WHAT YOU NEED TO DO
Below are some records; quote exactly the lines from the one that contains "HRAVÁ MATEMATIKA 2-PRACOVNÍ SEŠIT" through the one that contains "4 Zimmer Apartment", inclusive, and no others.

DATA LISTING

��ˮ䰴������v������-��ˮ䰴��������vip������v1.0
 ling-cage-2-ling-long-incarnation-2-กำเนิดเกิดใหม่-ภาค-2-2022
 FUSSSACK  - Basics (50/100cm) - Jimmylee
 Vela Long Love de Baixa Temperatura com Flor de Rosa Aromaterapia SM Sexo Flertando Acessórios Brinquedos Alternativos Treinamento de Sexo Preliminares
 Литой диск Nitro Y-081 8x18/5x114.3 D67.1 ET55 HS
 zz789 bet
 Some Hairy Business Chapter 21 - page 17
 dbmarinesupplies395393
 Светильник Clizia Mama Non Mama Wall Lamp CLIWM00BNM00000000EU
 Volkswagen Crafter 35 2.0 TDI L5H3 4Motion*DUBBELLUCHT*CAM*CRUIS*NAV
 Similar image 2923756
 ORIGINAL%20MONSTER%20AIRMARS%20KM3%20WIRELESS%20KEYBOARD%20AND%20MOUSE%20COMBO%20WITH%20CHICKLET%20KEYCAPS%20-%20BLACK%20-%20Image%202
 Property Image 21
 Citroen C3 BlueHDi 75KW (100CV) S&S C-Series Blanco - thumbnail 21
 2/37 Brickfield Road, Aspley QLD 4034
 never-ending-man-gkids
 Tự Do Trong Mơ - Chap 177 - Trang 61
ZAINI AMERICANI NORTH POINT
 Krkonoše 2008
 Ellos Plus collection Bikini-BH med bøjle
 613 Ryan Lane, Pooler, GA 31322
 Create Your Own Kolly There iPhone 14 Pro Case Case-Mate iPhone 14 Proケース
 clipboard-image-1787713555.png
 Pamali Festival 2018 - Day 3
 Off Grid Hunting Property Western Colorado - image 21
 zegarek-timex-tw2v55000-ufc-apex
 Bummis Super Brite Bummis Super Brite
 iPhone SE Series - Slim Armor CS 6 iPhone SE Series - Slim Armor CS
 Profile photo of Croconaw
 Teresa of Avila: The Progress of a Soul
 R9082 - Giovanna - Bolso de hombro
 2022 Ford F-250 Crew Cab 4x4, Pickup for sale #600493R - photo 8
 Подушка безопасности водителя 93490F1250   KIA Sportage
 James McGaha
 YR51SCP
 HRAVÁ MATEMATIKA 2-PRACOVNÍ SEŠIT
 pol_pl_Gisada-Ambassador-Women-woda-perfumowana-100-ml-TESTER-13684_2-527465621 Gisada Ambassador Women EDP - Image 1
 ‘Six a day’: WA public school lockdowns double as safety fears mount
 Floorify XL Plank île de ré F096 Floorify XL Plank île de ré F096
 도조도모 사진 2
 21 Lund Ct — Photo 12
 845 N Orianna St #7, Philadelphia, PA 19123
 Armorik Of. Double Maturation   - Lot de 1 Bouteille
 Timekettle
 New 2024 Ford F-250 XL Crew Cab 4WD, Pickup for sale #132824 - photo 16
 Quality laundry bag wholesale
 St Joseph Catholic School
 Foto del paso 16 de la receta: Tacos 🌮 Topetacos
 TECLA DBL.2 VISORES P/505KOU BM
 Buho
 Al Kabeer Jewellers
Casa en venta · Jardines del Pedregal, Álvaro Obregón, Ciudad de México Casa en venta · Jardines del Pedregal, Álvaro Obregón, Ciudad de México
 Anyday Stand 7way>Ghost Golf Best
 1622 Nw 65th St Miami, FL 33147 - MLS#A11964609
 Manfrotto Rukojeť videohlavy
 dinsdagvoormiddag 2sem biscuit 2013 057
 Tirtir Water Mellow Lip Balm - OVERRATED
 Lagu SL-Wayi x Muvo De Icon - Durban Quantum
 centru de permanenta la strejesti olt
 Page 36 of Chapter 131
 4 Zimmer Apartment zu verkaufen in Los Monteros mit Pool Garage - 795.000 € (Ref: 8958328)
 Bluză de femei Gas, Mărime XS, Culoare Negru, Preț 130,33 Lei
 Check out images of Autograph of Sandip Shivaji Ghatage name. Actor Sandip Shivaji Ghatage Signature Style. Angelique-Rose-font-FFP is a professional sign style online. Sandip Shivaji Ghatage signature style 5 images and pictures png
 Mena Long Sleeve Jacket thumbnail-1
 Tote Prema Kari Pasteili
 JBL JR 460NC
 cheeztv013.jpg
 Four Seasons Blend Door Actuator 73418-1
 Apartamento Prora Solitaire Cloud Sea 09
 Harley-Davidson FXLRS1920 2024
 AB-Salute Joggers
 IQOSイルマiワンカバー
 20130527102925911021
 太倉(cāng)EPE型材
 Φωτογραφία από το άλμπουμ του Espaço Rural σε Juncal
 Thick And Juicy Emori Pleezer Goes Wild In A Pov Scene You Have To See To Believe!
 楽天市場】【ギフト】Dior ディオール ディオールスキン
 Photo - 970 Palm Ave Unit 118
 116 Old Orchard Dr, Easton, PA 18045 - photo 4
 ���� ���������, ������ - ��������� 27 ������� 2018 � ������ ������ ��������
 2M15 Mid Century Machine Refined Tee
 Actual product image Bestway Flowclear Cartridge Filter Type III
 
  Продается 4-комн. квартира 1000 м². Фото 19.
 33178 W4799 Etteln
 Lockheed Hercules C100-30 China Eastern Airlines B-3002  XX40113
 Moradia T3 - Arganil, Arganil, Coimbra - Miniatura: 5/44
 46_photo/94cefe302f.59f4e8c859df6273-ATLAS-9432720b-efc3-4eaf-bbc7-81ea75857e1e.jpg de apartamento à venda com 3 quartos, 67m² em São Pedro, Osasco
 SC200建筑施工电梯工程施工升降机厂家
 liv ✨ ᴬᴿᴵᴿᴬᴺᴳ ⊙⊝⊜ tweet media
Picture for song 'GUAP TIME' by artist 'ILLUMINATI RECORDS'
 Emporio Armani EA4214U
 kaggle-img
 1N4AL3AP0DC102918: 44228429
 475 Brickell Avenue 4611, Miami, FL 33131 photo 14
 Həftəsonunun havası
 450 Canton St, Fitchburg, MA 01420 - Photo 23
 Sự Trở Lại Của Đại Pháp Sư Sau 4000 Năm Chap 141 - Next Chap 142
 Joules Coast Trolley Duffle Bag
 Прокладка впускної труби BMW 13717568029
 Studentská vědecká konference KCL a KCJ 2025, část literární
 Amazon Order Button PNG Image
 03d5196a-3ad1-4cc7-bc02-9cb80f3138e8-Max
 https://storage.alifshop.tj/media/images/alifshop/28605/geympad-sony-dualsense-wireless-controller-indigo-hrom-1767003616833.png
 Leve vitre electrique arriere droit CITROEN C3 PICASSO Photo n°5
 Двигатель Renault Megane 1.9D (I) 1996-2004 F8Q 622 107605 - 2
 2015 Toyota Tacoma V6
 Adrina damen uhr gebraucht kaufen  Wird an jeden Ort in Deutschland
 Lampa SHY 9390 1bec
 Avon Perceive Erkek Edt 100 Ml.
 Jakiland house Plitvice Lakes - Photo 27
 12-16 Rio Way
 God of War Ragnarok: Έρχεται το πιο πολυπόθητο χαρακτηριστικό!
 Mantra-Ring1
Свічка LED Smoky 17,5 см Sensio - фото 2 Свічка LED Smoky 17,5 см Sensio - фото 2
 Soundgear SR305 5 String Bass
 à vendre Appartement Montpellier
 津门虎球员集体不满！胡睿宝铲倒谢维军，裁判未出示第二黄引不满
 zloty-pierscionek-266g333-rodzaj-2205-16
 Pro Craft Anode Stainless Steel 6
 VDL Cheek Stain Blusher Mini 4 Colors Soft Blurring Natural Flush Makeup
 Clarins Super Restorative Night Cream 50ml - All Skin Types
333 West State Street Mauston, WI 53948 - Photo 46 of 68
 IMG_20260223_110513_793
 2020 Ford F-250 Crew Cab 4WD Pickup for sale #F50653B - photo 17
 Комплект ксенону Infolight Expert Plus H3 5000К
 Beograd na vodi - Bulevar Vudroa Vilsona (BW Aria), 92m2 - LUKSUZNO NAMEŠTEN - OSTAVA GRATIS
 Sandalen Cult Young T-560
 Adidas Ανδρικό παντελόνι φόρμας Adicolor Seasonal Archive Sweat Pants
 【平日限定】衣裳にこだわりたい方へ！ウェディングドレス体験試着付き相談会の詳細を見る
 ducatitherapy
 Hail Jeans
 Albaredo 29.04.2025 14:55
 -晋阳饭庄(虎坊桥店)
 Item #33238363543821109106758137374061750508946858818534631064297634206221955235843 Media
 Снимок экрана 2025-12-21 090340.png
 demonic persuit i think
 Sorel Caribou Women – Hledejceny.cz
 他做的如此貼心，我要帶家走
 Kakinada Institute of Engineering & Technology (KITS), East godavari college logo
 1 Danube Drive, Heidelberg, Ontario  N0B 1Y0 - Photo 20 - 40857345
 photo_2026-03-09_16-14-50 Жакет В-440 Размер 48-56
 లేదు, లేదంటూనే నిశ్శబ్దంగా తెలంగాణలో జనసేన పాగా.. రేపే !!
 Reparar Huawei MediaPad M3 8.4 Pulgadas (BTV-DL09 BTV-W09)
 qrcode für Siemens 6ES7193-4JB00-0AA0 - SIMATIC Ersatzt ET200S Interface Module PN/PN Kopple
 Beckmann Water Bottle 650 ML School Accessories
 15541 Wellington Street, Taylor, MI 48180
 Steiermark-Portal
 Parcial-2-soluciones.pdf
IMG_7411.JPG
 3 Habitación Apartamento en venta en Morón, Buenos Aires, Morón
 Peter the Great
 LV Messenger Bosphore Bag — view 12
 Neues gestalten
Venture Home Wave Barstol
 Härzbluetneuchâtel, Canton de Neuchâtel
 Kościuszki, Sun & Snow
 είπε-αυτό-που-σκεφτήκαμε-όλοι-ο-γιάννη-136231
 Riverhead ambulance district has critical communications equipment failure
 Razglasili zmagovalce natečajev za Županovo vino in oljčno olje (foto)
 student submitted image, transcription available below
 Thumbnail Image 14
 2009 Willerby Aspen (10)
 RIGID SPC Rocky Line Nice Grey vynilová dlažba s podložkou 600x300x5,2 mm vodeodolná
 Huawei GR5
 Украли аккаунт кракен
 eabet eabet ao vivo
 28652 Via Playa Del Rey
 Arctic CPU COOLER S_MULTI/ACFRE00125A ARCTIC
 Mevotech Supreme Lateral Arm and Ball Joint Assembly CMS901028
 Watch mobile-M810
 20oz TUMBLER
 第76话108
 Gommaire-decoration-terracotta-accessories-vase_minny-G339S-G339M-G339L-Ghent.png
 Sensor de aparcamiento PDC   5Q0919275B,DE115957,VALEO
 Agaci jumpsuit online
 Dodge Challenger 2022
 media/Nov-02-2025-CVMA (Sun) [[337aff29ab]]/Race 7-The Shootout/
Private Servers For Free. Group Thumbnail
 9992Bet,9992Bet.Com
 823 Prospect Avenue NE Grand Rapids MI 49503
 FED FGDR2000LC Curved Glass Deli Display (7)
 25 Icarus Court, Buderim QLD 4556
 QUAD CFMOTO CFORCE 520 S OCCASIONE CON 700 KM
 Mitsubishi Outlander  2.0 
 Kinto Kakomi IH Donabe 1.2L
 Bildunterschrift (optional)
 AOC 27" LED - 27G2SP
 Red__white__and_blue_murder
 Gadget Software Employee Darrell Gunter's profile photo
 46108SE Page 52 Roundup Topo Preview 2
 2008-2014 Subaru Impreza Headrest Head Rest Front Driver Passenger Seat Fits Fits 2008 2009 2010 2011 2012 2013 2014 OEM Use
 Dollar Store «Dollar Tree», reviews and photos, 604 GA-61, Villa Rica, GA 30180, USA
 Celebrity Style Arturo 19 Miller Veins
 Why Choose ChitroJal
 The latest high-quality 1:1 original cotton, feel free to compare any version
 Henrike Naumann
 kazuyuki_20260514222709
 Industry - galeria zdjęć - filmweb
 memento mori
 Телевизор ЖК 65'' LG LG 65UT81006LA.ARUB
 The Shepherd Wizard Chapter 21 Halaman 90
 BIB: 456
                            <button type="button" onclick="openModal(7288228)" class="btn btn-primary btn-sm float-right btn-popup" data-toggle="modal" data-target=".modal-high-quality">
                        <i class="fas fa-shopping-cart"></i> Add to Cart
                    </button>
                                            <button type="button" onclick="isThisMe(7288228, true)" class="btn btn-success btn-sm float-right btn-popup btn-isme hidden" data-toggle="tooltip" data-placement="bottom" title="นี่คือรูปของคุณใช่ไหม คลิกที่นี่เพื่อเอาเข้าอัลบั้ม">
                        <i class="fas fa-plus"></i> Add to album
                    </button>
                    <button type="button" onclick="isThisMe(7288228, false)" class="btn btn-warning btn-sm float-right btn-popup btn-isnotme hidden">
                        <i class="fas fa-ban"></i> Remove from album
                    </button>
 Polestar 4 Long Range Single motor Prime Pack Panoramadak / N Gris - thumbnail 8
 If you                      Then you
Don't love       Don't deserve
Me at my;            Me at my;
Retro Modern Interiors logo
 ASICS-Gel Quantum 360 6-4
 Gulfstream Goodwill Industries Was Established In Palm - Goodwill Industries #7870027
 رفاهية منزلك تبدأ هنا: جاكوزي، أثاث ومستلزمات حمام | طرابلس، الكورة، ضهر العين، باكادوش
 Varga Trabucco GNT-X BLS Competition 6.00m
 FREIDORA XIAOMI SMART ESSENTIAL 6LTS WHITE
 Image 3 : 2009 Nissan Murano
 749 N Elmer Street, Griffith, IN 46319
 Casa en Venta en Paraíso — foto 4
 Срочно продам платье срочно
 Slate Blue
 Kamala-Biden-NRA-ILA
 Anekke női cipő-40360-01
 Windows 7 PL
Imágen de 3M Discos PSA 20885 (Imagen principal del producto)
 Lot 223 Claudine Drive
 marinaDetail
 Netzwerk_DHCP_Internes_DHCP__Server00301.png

ANSWER SECTION
 HRAVÁ MATEMATIKA 2-PRACOVNÍ SEŠIT
 pol_pl_Gisada-Ambassador-Women-woda-perfumowana-100-ml-TESTER-13684_2-527465621 Gisada Ambassador Women EDP - Image 1
 ‘Six a day’: WA public school lockdowns double as safety fears mount
 Floorify XL Plank île de ré F096 Floorify XL Plank île de ré F096
 도조도모 사진 2
 21 Lund Ct — Photo 12
 845 N Orianna St #7, Philadelphia, PA 19123
 Armorik Of. Double Maturation   - Lot de 1 Bouteille
 Timekettle
 New 2024 Ford F-250 XL Crew Cab 4WD, Pickup for sale #132824 - photo 16
 Quality laundry bag wholesale
 St Joseph Catholic School
 Foto del paso 16 de la receta: Tacos 🌮 Topetacos
 TECLA DBL.2 VISORES P/505KOU BM
 Buho
 Al Kabeer Jewellers
Casa en venta · Jardines del Pedregal, Álvaro Obregón, Ciudad de México Casa en venta · Jardines del Pedregal, Álvaro Obregón, Ciudad de México
 Anyday Stand 7way>Ghost Golf Best
 1622 Nw 65th St Miami, FL 33147 - MLS#A11964609
 Manfrotto Rukojeť videohlavy
 dinsdagvoormiddag 2sem biscuit 2013 057
 Tirtir Water Mellow Lip Balm - OVERRATED
 Lagu SL-Wayi x Muvo De Icon - Durban Quantum
 centru de permanenta la strejesti olt
 Page 36 of Chapter 131
 4 Zimmer Apartment zu verkaufen in Los Monteros mit Pool Garage - 795.000 € (Ref: 8958328)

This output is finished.